The AAA has proposed a program currently being operated by the Royal Automobile Club of Victoria, Parent Plus, as a basis for a national program encouraging parents to become more involved in their children's driving lessons and training.
The program - which offers a free lesson for the learner driver with their parent and then follow up information for the parent - is proving successful in giving parents the knowledge and confidence to know what to say and do when taking their children out for a driving lesson.
AAA Executive Director, Lauchlan McIntosh, said the Parent Plus program was popular among both parents and drivers, and urged the Government to seriously consider partnering with the motoring Clubs to promote this program.
"The disproportionate numbers of crashes and fatalities involving young drivers is a real challenge for the whole community – not just governments," Mr McIntosh said.
"Everyone needs to play a role in bringing down the number of crashes involving young drivers, and that is particularly the case for parents. Yet our research shows parents are not always confident when getting in the car with their child – they are often not sure what to tell them or what is the correct advice in terms of road rules.

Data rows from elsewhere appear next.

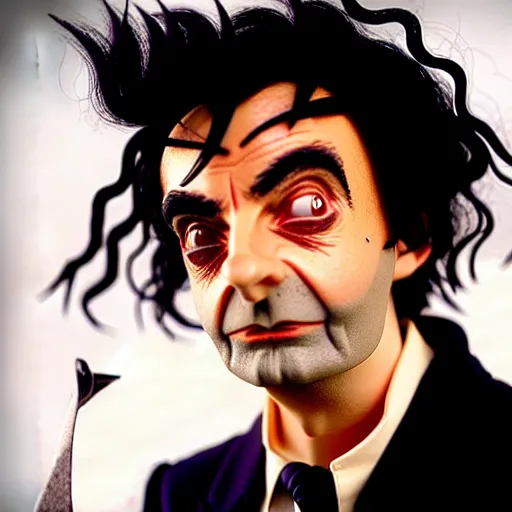 Prompt: mr. bean as edward scissorhands. movie still. cinematic lighting.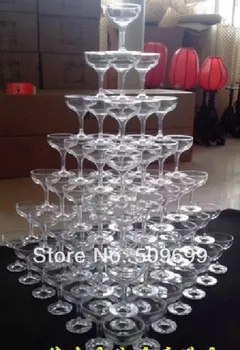 Nueva llegada triángulo de la copa de la torre de la boda props /de la boda decoración /plástico acrílico de champán, copa de champán, copa de la torre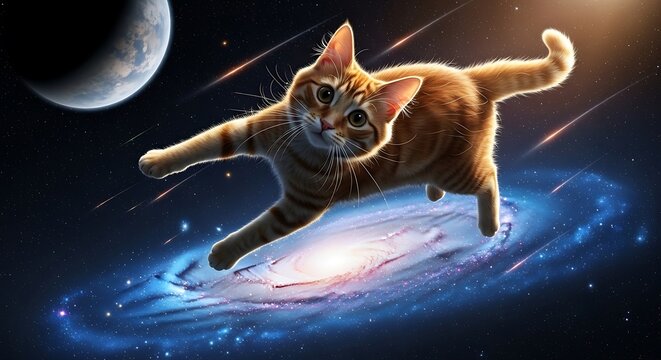 Ginger kitten jumping through outer space above a spiral galaxy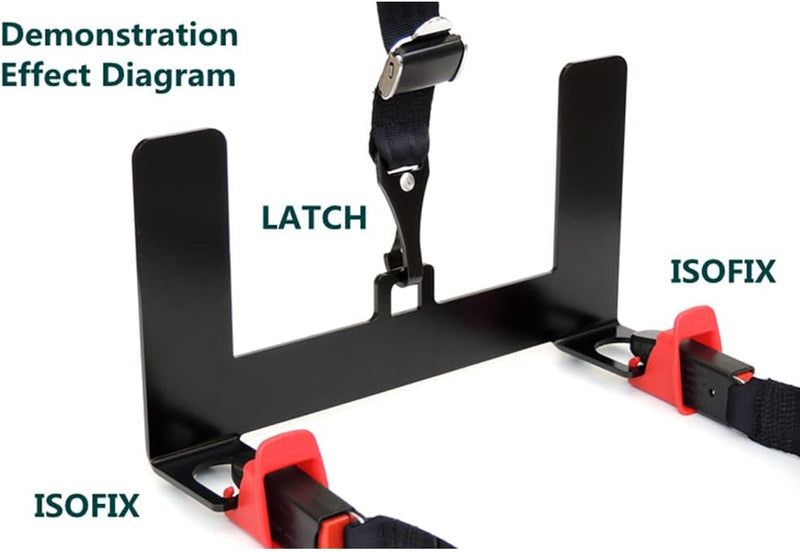 DEONG Baby Car Safety Seat Mounting Bracket, ISOFIX Safety Belt Connector Anchor Mounting Kit （Fixed Type）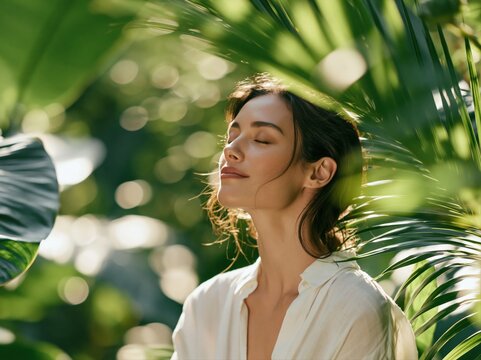 Woman enjoying nature among green plants in a garden during daytime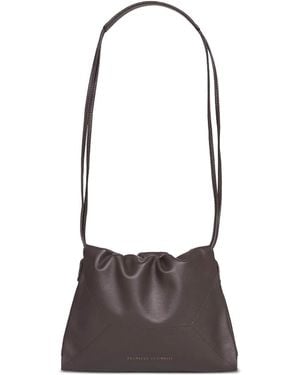 Brunello Cucinelli Gathered Leather Shoulder Bag - White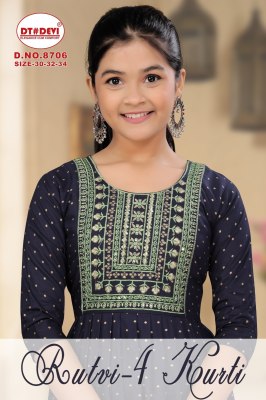 D No 8706 by Rutvi Kurti vol 4 Rayon printed with neck embroidered kurti catalogue at affordable rate Amavi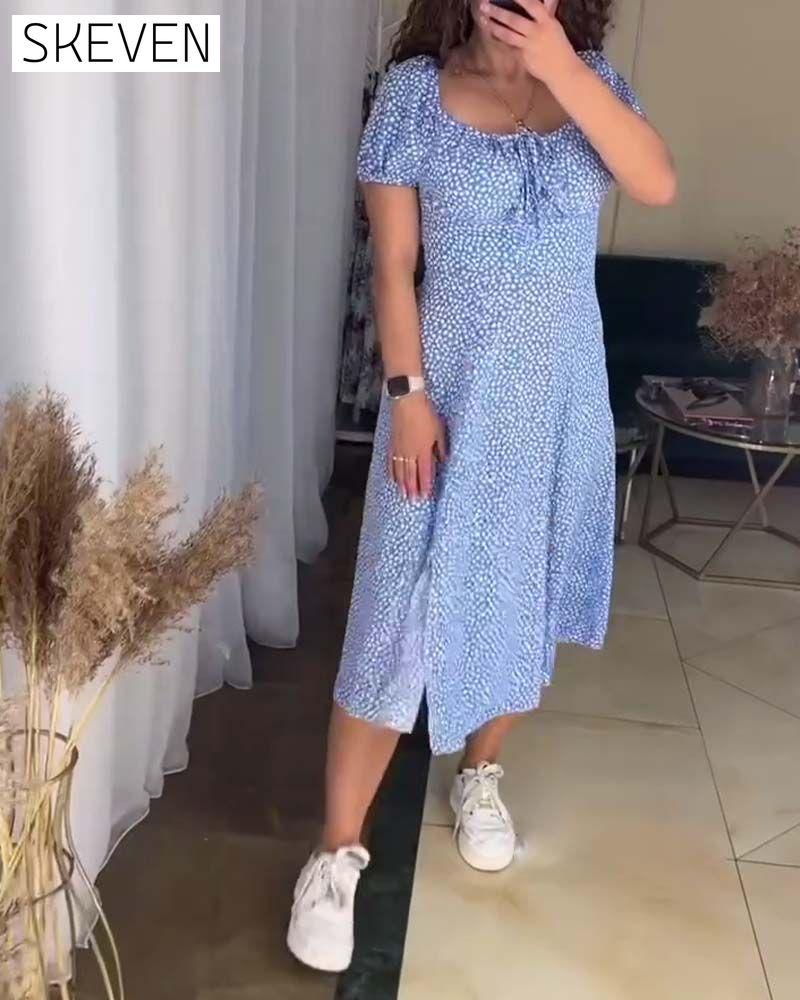 Casual slim fit floral dress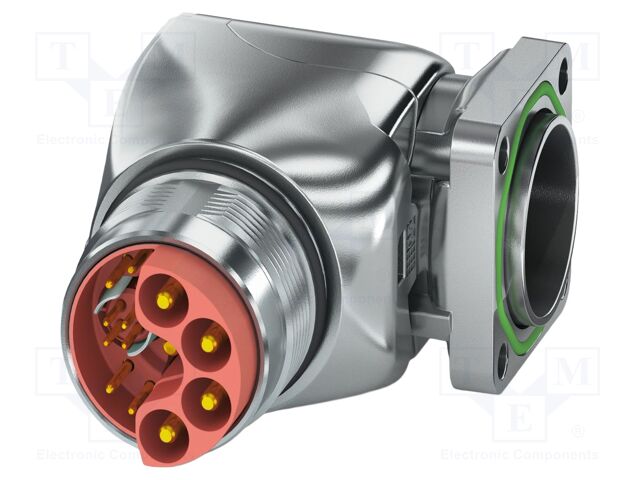 Connector: M23; socket; PIN: 15; crimped; angled; IP67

"Finding solutions to the high levels of young driver trauma needs a mature, sensible, no-blame approach – a national approach – a shared mutual obligation to learn about the need for a safe system which may be more effective than bringing in new laws and regulation."
Mr McIntosh said AAA was speaking to the Prime Minister's office and the Minister for Transport about the Parent Plus program and called for it to be trialled nationally.
"Parent Plus is showing clear benefits for both the drivers and their parents in encouraging skills and competence – anything that we can do to bring down the high levels of crashes and trauma involving young drivers should be supported," he said.